If a fae creature offered to give one million dollars for a bone chosen at random, how many bones would you allow them to take?

Light clarifications; The fae is not the one choosing the bones. The bone is taken at random. Each bone, no matter the size or importance, is worth a full million dollars. You must also declare the exact number first, you can't go bone-by-bone. You either say 2 or you say 10, you can't work your way up to a higher number. The bones are removed instantaneously, and the money is given immediately as well. You will not get in government trouble for acquiring the money.

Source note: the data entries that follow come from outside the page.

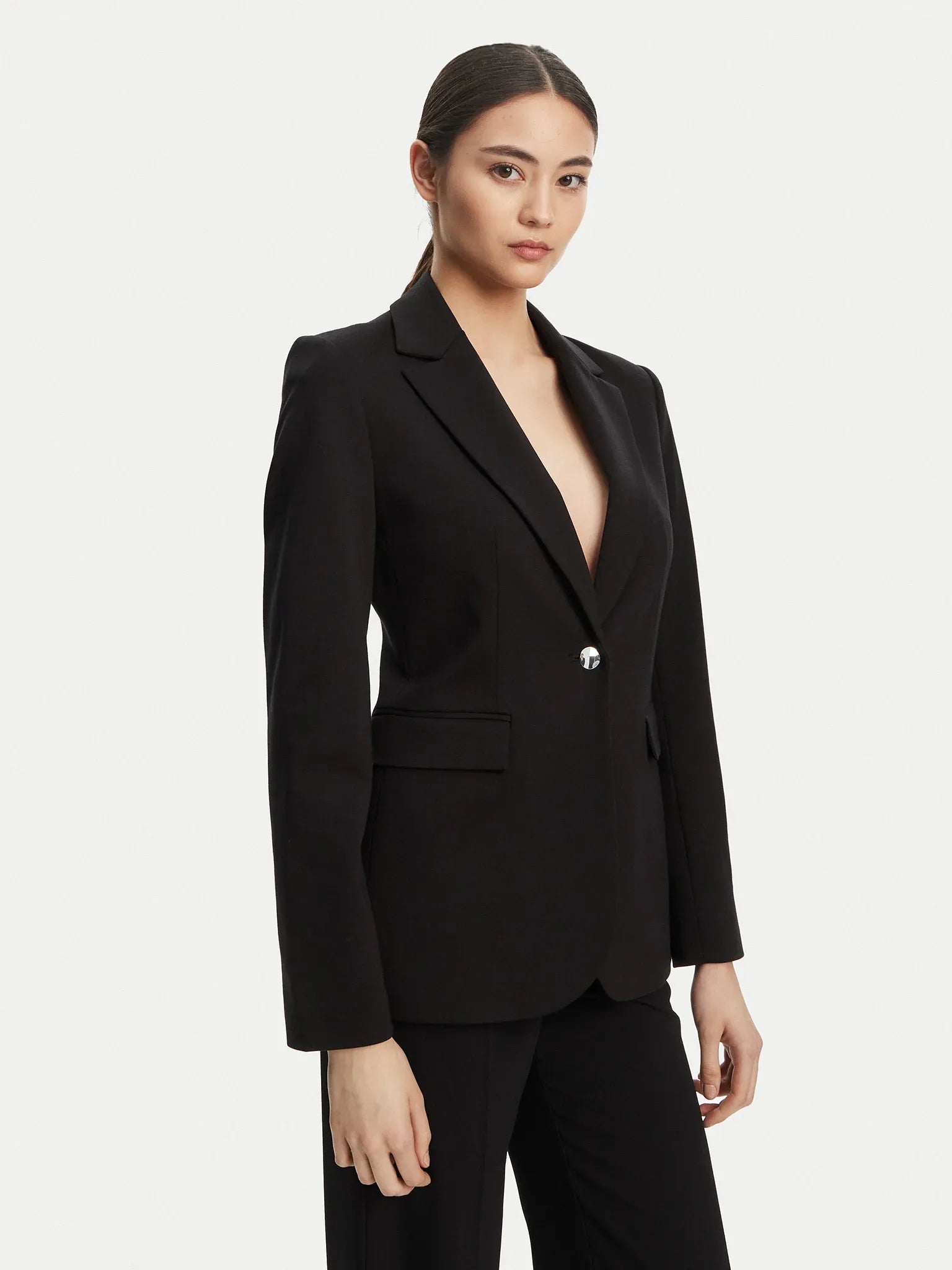 Lerra svart jacka med knapp och v-ringning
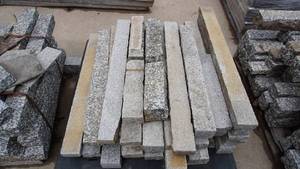 lot 2 image: Pallet of granite slabs, sizes varying with the longest measuring 38 inches  Includes pallet Skid-loader on site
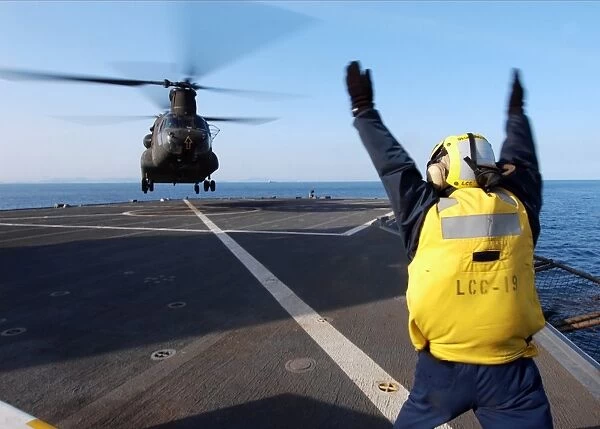 Boatswains Mate signals to a CH-47 Chinook helicopter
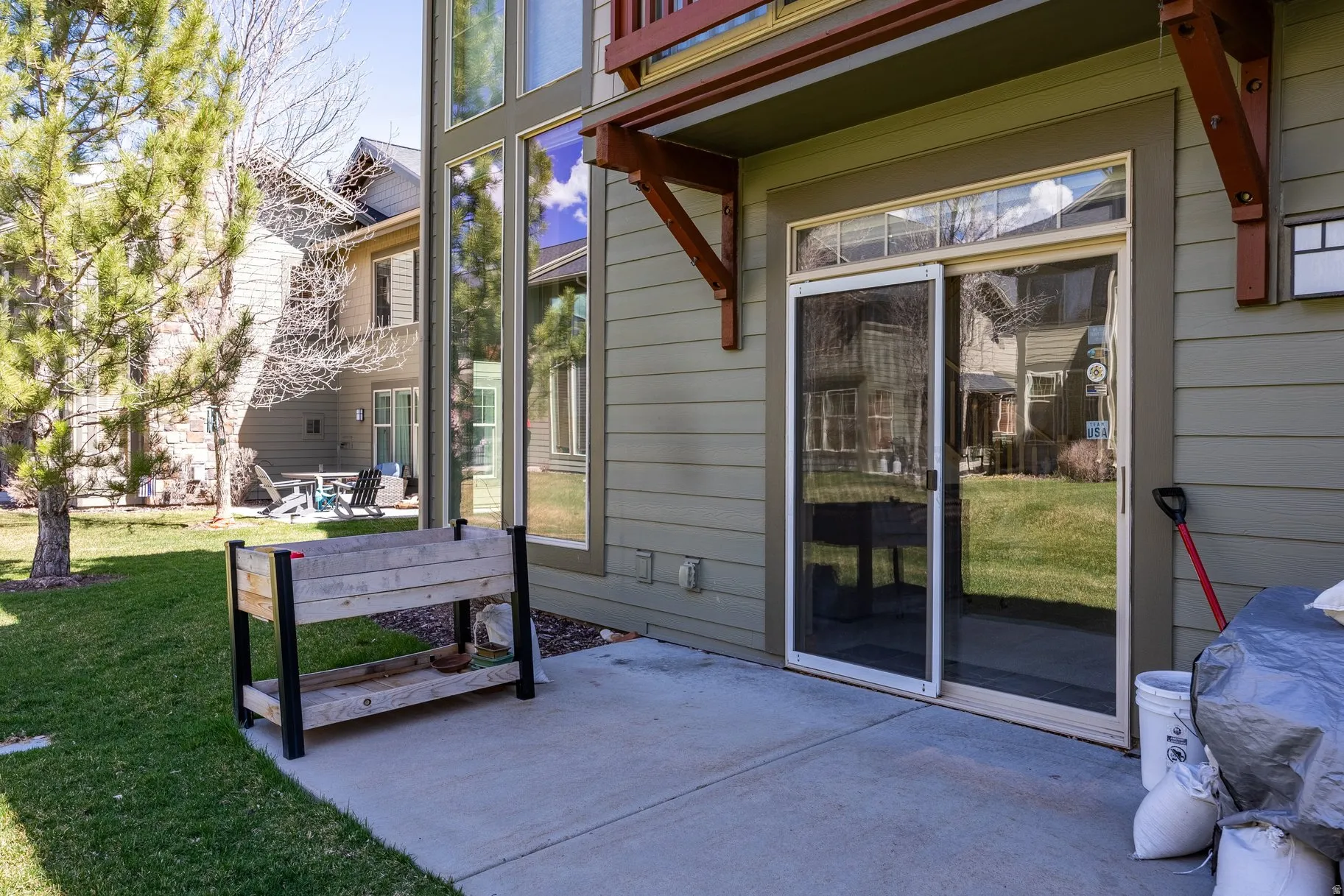Private patio with sliding glass door access to the interior, featuring a concrete surface and surrounding green lawn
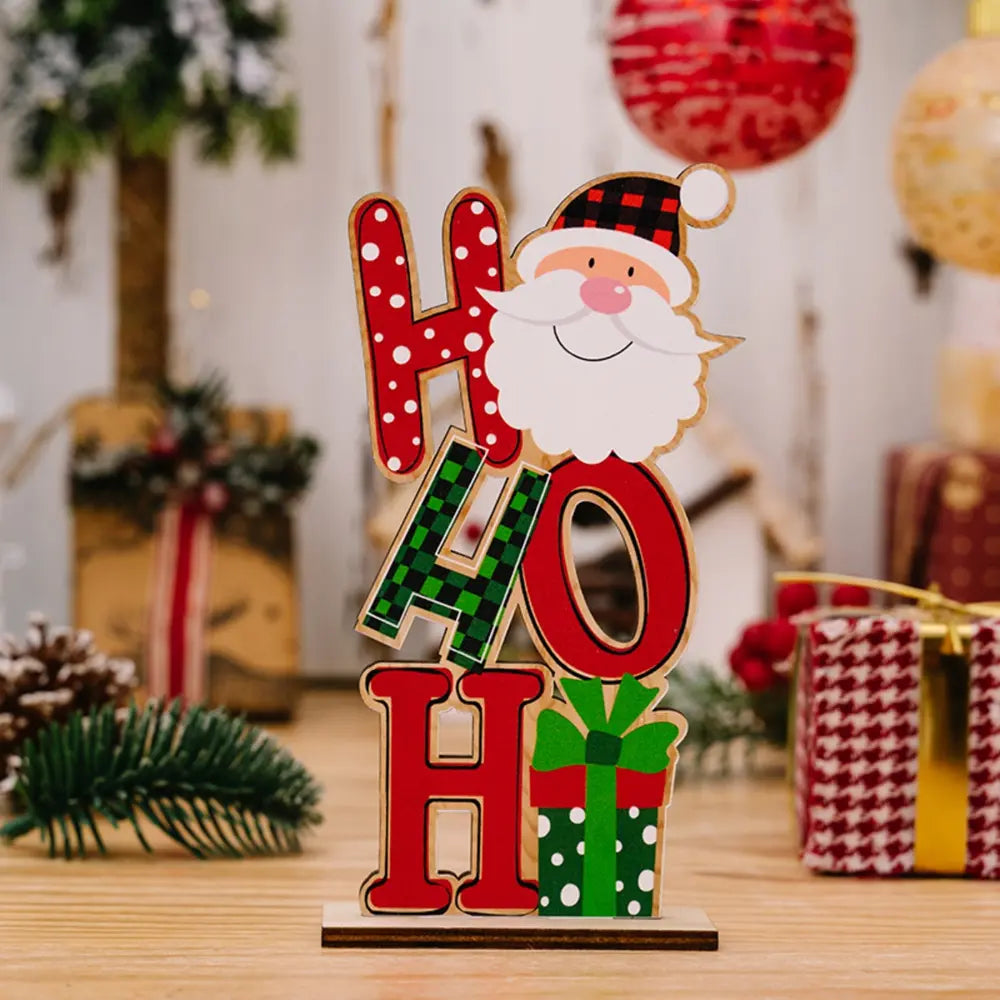 Wooden holiday decor trio with Santa, red and green letters, and gift box.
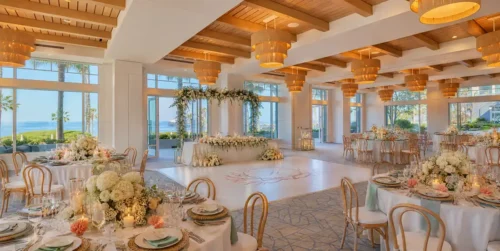 Elegant indoor waterfront wedding reception venue with floral décor and reception tables in California.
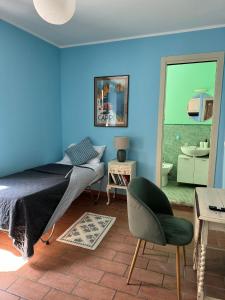 a bedroom with blue walls and a bed and a chair at La casa sui tetti di Varzi in Varzi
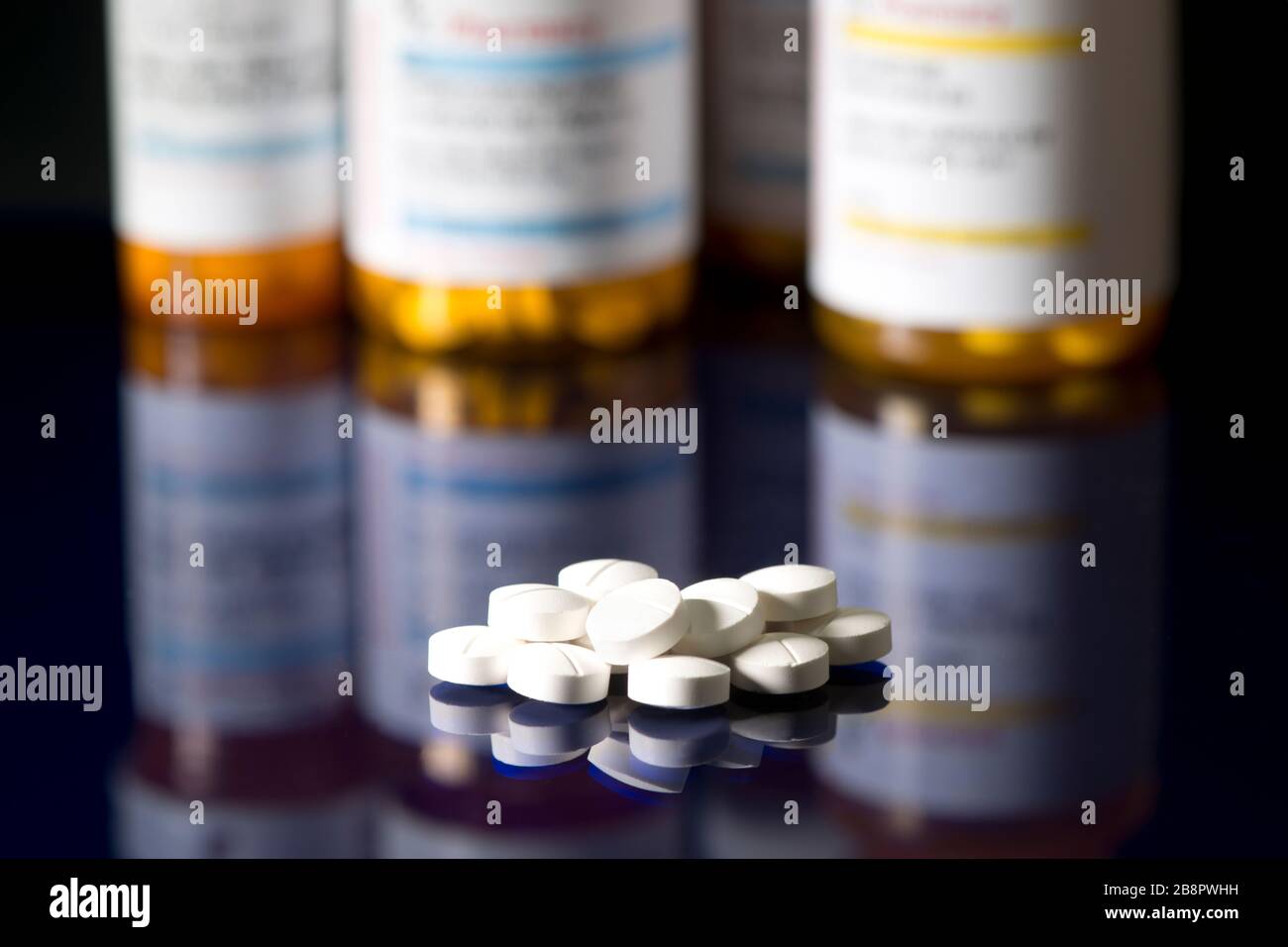 White tablets on dark reflective surface with prescription bottles in background. Stock Photo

Tell me in the tags/replies how many bones you'd let the fae take. And as always, reblog for bigger sample size.

Avatar
sluggnya

if you want to test your luck, this site lets you choose a random human bone :) https://randomlistgenerator.com/human-bones

@wormy-business question: is the bone replaced by anything? And if the bone is like, essential to survival like say, the skull, do you die? Or is there a non lethal way to do it? Because despite what you said about the fey not choosing, like The Whole Deal with making deals with the fey is "This Will Go Badly For Your Hubris" so if there's any chance i could die I'm not gonna give it any bones because If it can go badly for me, it Will, or else its not a fey deal.

Nah if you say like 20 bones and by chance it's 20 of the 22 bones in your skull, you just die. There's no further magic aside from the immediate removal of the bone.

Another question!! Given that humans are roughly symmetrical and that the bones reflect this;

Does this arrangement count each bone as its own entity? As in, if I lost a tibia, would I lose one of them, or *both*?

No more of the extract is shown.